NTD News: In Depth: Ketanji Brown Jackson’s Soft Spot for Drug Dealers, Pedophiles and Terrorists

NTD News

Justice demands this result.” That’s what Ketanji Brown Jackson said in 2011 after the U.S. Sentencing Commission knocked as much as three years off the prison terms of crack-cocaine convicts. As vice chair of the commission, Jackson believed the nation’s drug laws were overly harsh and especially “unfair” to blacks.

A month earlier, Jackson had shrugged off Justice Department warnings that the decision—which made more than 12,000 federal crack inmates eligible for early release—could flood the streets with dangerous criminals who would likely reoffend.

“[B]y keeping them in longer, it doesn’t seem to make a difference with regard to whether or not they recidivate,” Jackson reasoned in a June 2011 commission hearing in Washington, according to transcripts reviewed by RealClearInvestigations.

Then-U.S. Attorney Stephanie Rose objected: “It does protect the safety of the public, though, when they’re not present to recidivate.”
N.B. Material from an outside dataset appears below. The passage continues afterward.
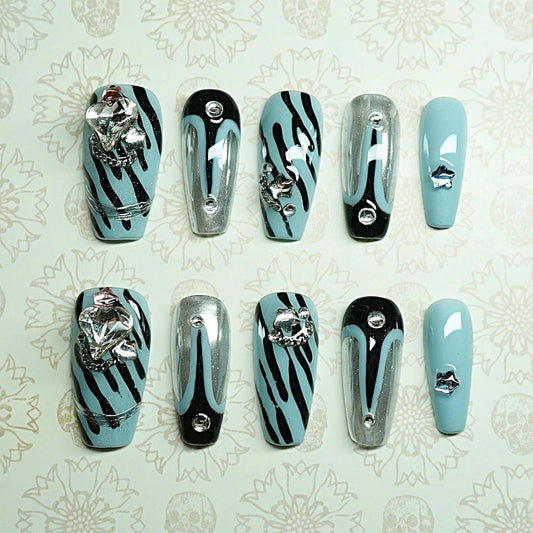 Zebra Frost - Luwanery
Her treatment of child pornographers is troubling to observers who worry about high recidivism rates among offenders as the amount of child porn on the Internet explodes. They say her record endangered children.

“We need more deterrence, not less,” said Mike Davis, president of the Article III Project, a Washington advocacy group for constitutional judges and the rule of law. “Yet Judge Jackson has gone out of her way as a law student, lawyer, commissioner and judge to advocate for more leniency for people who possess and distribute child porn.”

Added Davis: “She’s been on a 25-year crusade to coddle them.”

A 2003 Justice Department study found that 43 percent of sex offenders, including child pornographers and child molesters, were rearrested for the same or other crimes after release from custody. Three-fourths of the rearrests involved felonies.